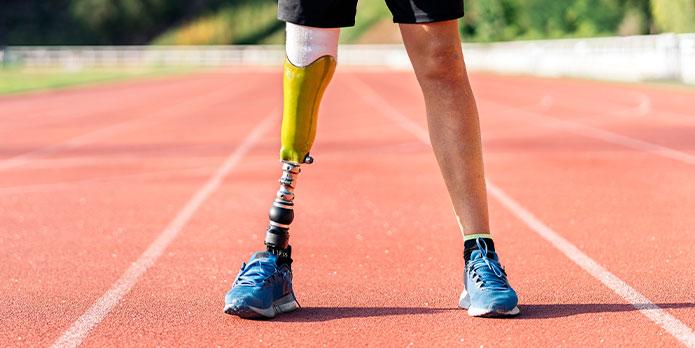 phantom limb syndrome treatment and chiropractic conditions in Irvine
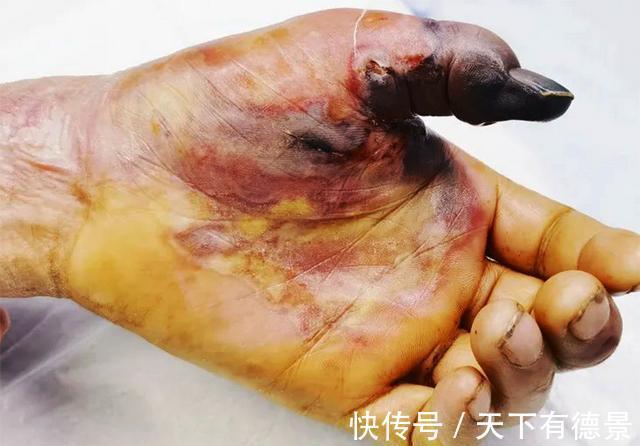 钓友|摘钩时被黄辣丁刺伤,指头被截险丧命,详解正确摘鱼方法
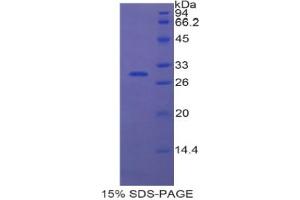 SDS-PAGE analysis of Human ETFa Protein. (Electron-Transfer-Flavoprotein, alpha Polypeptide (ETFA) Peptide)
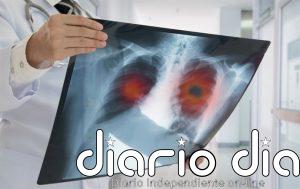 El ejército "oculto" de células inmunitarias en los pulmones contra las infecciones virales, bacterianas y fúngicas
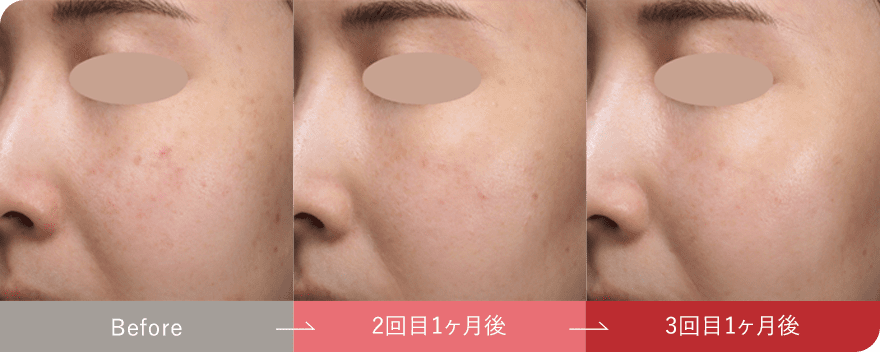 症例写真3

--

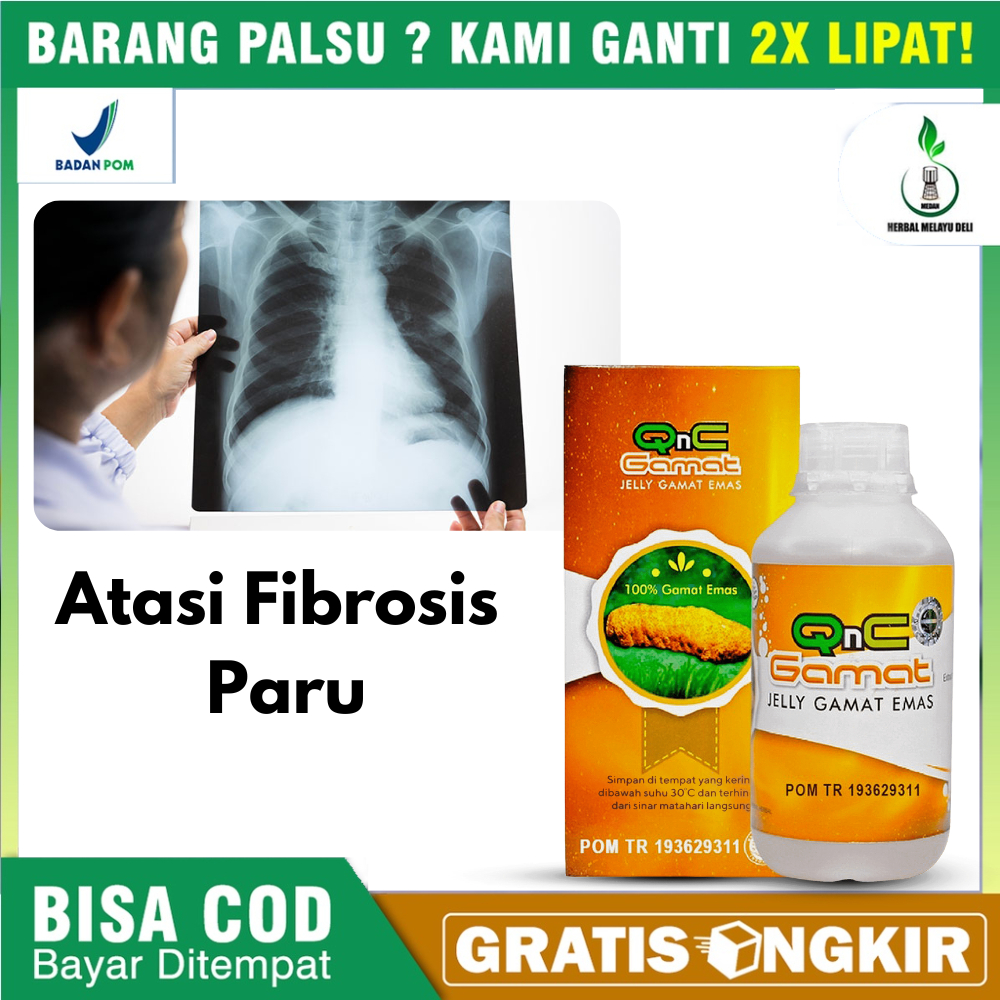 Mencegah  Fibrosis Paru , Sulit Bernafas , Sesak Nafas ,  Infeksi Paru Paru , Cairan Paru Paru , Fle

» **WHAT THE EXERCISE ASKS**
Write out, word for word, the stretch of entries that begins at the line with "phantom limb syndrome" and ends at the line with "SDS-PAGE analysis of". Pictures do not belong in it.

» **OUTPUT**
 phantom limb syndrome treatment and chiropractic conditions in Irvine
 钓友|摘钩时被黄辣丁刺伤,指头被截险丧命,详解正确摘鱼方法
 SDS-PAGE analysis of Human ETFa Protein. (Electron-Transfer-Flavoprotein, alpha Polypeptide (ETFA) Peptide)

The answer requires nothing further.